When I look around outside I see at every turn LIFE bursting forth! Man! I can hardly STAND the excitement of it all! I have to restrain myself from making the rounds and examining all my baby trees and plants (and there are a lot of them) many times throughout the day. If they’ve grown a little bit since the last time I looked, I’m so thrilled! (And they always do.) If those plants could make an audible sound as they grow, the sound outside would be deafening! I’d like to be able to hear that.

Religious War?

March 13, 2007

I believe this war is about oil. But, to those who believe that this is a religious war, I ask to be directed to the verse in the Bible where Jesus says, “Kill people who do not believe in me.” Feel free to submit that information below as a comment, or you can email me directly.
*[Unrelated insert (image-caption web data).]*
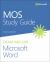 MOS Study Guide for Microsoft Word Exam MO-100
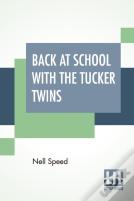 Back At School With The Tucker Twins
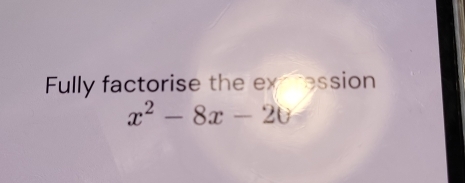 Fully factorise the excression
x^2-8x-20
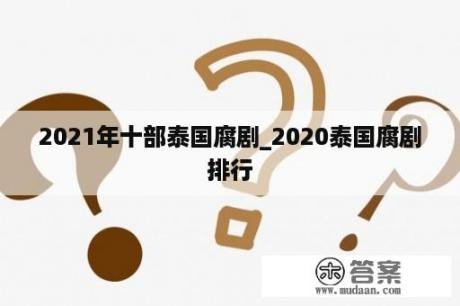 2021年十部泰国腐剧_2020泰国腐剧排行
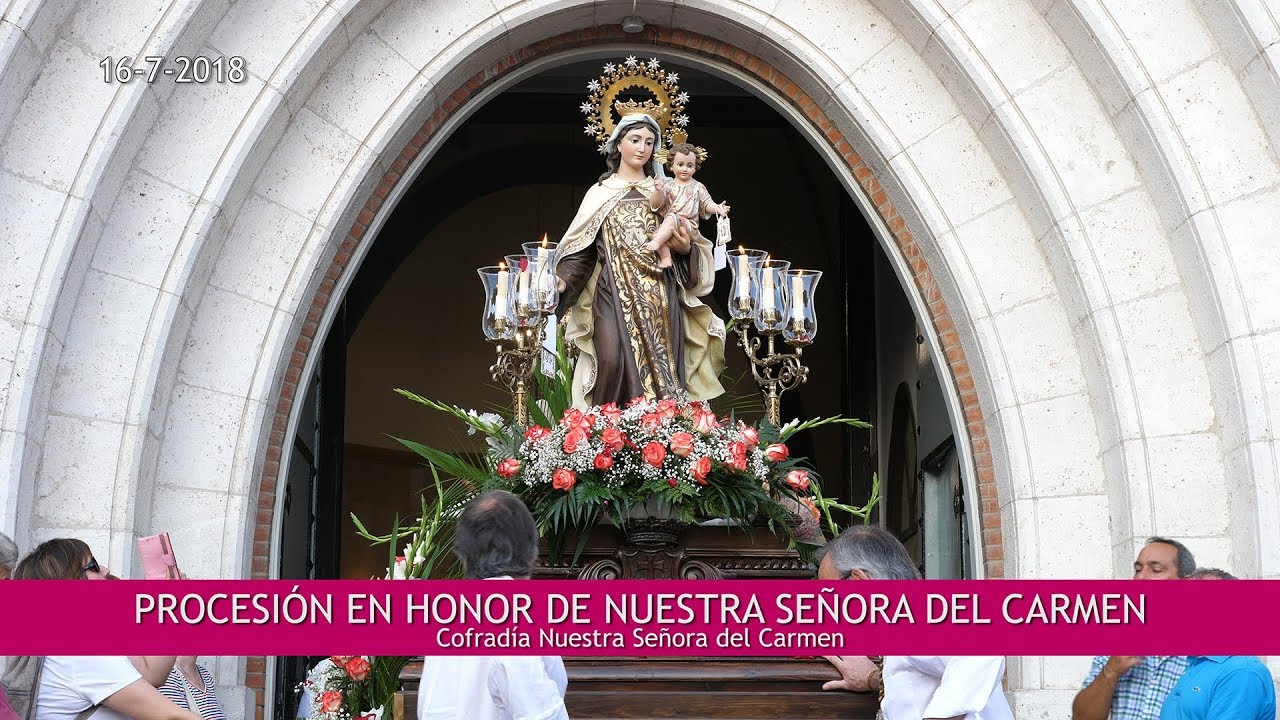 Procesión Fiesta Virgen del Carmen 2018 Valladolid _  4K UHD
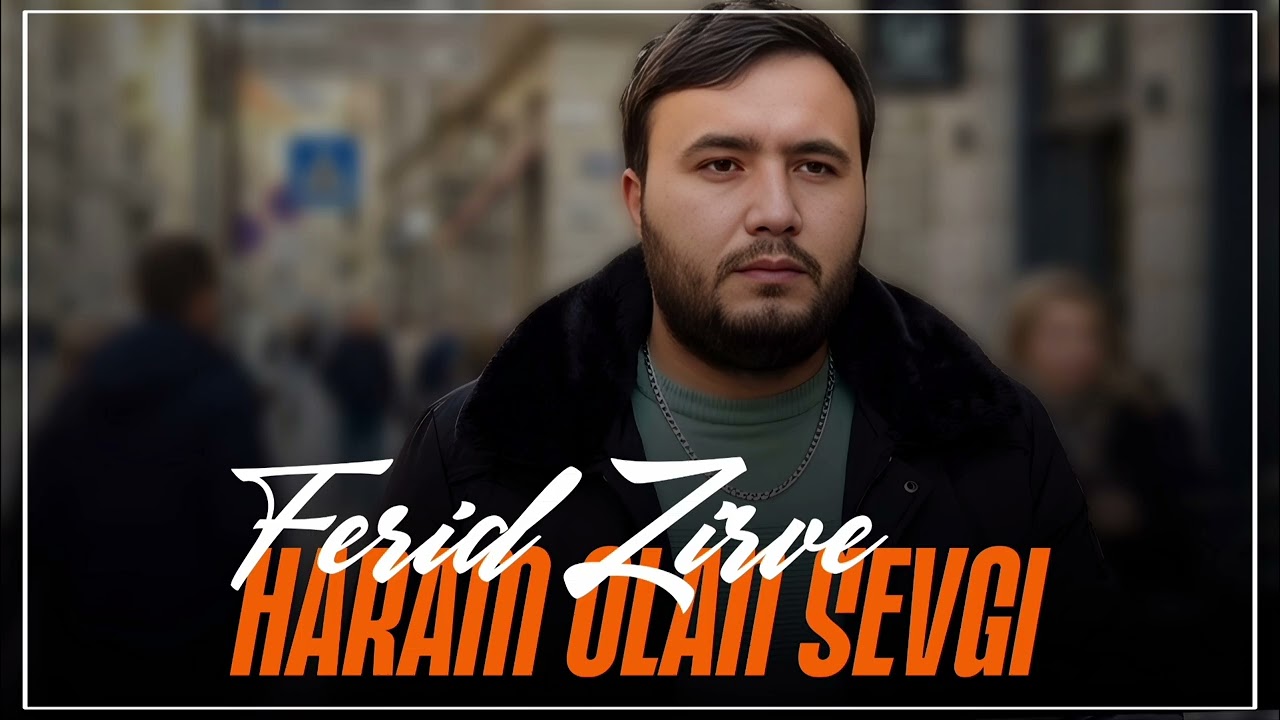 Ferid Zirve – Haram Olan Sevgi [Official Audio] Hüzünlü Qemli Mahni
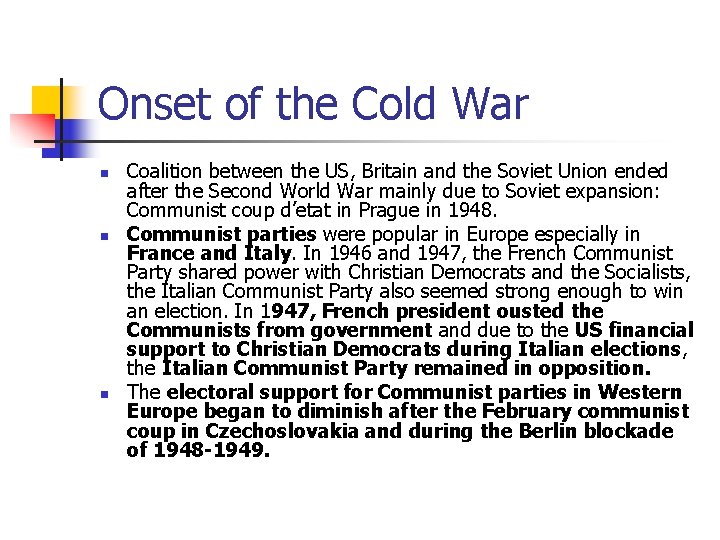 Onset of the Cold War n n n Coalition between the US, Britain and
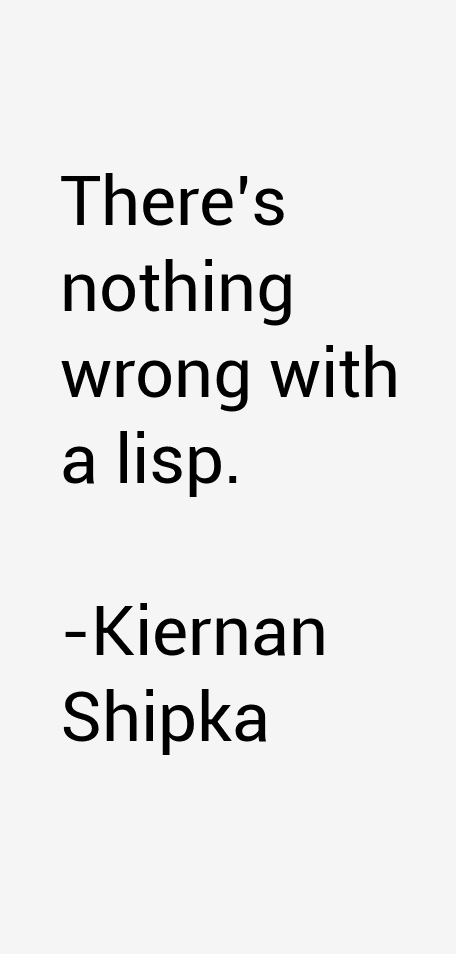 Kiernan Shipka Quotes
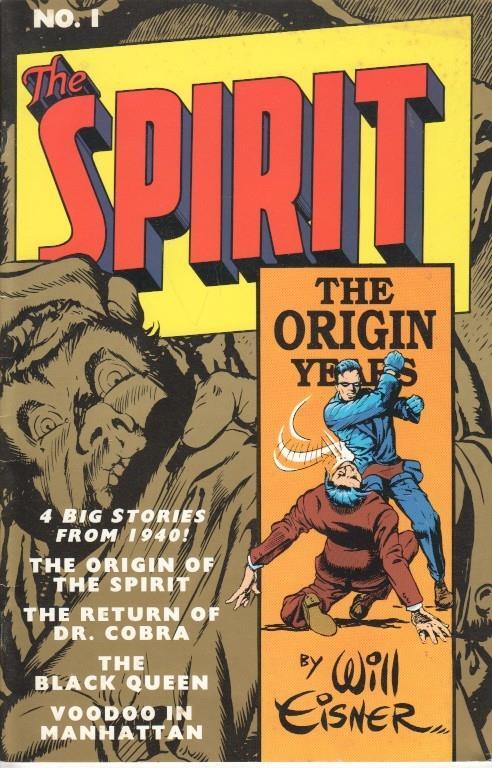 The Spirit No. 1: The Origin Years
Thanks very much.

Yes, I’m Mad!!

March 13, 2007

As much as I agree with Dr. Laura on some of her passionate tirades, I believe she is a complete hypocrite and way off-track when it comes to the subject of war. She endlessly rails on people about protecting their precious children, but turns around and proudly sends her boy off to fight in Iraq and then BRAGS about it on the radio. WHAT’S WRONG WITH HER??? I don’t want her son to go out and murder people! That’s not honorable!! That’s horrific!! These “enemies” in Iraq are perfect strangers… somebody elses’ precious children, who have been, just like her son, brainwashed into thinking that shooting people with guns is going to solve problems. That’s NONSENSE!! Shame, shame, SHAME on Dr. Laura for doing this! A few weeks ago, a marine and some of his comrades came into Water Canyon to play for our Thurs. night show. He announced that this was the last time he’d be in for a while, because he and his buddies were being shipped off to Iraq in a couple of weeks. These were fresh-faced BOYS who didn’t know any better, but were doing what they were ordered to do, what they’d been trained to do, and, if history repeats itself (and they survive), many of them will live to regret it. Some day they will be sitting down with their families to watch the “Iraq war movies” that will surely be made, just like we watch the movies made about Vietnam and WWII today, and they will say to themselves, “What was I THINKING??” or “That’s not how it was!” I imagine that all they will be able to do about the grim reminder of this time of their lives will be to GO NUMB. When I was looking straight into the eyes of those innocent young men and the moment was ripe to send them off with words of good faith and encouragement, I was struck speechless. I wanted to CRY. That’s all. Not say, “You go, boy!! Go out and murder those people over there so that I can continue to have as much gasoline as I can afford! Yeah, you do me proud, boy! And if you die, boy, well it won’t be in vain because I will feel just a little bit safer for it. Your life won’t be wasted, because I will be just a little bit freer. Thanks, boy!” Nonsense! What I’d really like to say is: “Get the heck out of the military! Go back home and find something worthwhile to do that truly makes the world a better place to live!” But, of course, it’s too late for that. So, I wish them a safe return and CRY inside.